Work instructions:
The answer is the full listing restated exactly, without any pictures.
============================================================
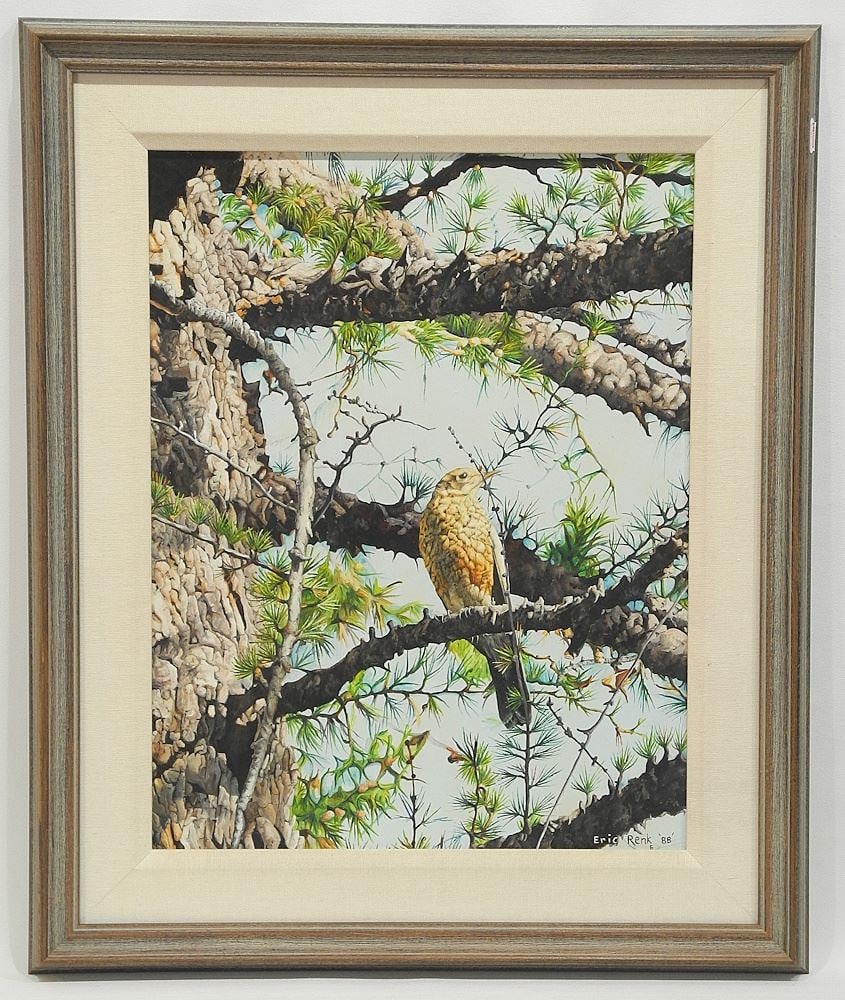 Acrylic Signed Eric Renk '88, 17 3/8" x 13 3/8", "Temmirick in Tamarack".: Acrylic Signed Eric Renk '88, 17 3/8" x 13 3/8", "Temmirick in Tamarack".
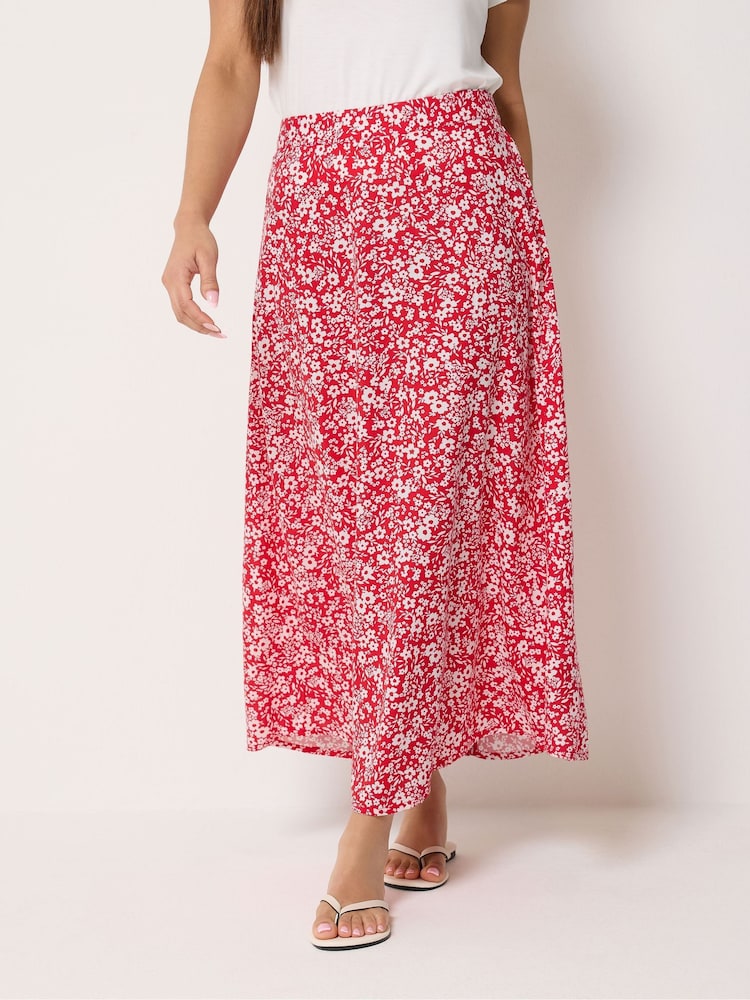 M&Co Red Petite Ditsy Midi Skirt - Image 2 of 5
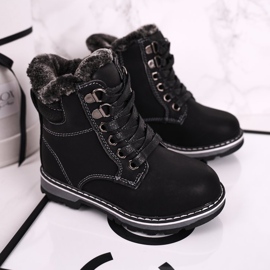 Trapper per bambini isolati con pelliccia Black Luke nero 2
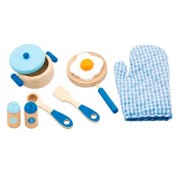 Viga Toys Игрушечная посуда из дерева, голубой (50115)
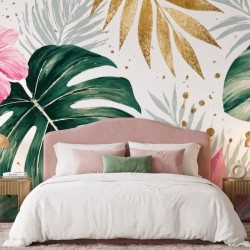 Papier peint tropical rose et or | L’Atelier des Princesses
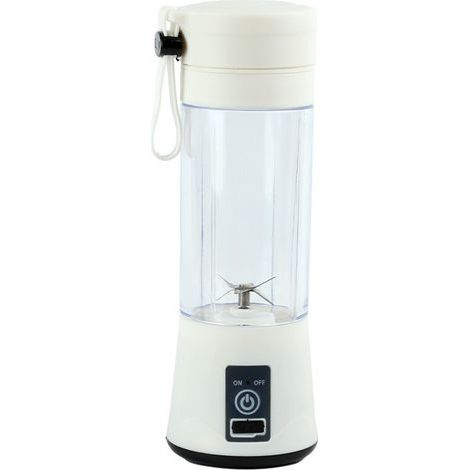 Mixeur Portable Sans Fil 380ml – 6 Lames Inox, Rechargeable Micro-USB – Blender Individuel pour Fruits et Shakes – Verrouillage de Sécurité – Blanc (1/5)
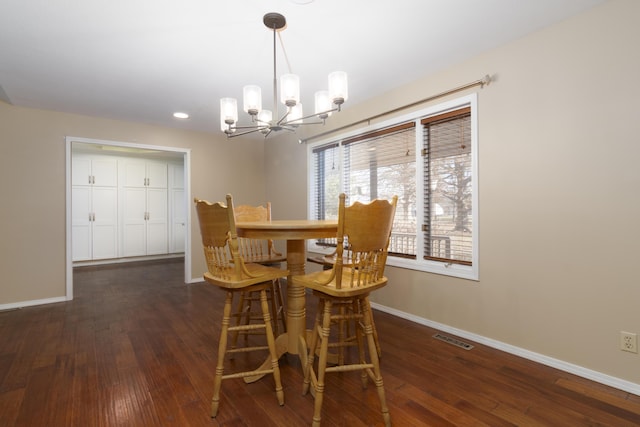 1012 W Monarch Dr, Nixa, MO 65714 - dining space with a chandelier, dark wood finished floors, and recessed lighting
============================================================
Solution to this exercise:
 Acrylic Signed Eric Renk '88, 17 3/8" x 13 3/8", "Temmirick in Tamarack".: Acrylic Signed Eric Renk '88, 17 3/8" x 13 3/8", "Temmirick in Tamarack".
 M&Co Red Petite Ditsy Midi Skirt - Image 2 of 5
 Trapper per bambini isolati con pelliccia Black Luke nero 2
 Viga Toys Игрушечная посуда из дерева, голубой (50115)
 Papier peint tropical rose et or | L’Atelier des Princesses
 Mixeur Portable Sans Fil 380ml – 6 Lames Inox, Rechargeable Micro-USB – Blender Individuel pour Fruits et Shakes – Verrouillage de Sécurité – Blanc (1/5)
 1012 W Monarch Dr, Nixa, MO 65714 - dining space with a chandelier, dark wood finished floors, and recessed lighting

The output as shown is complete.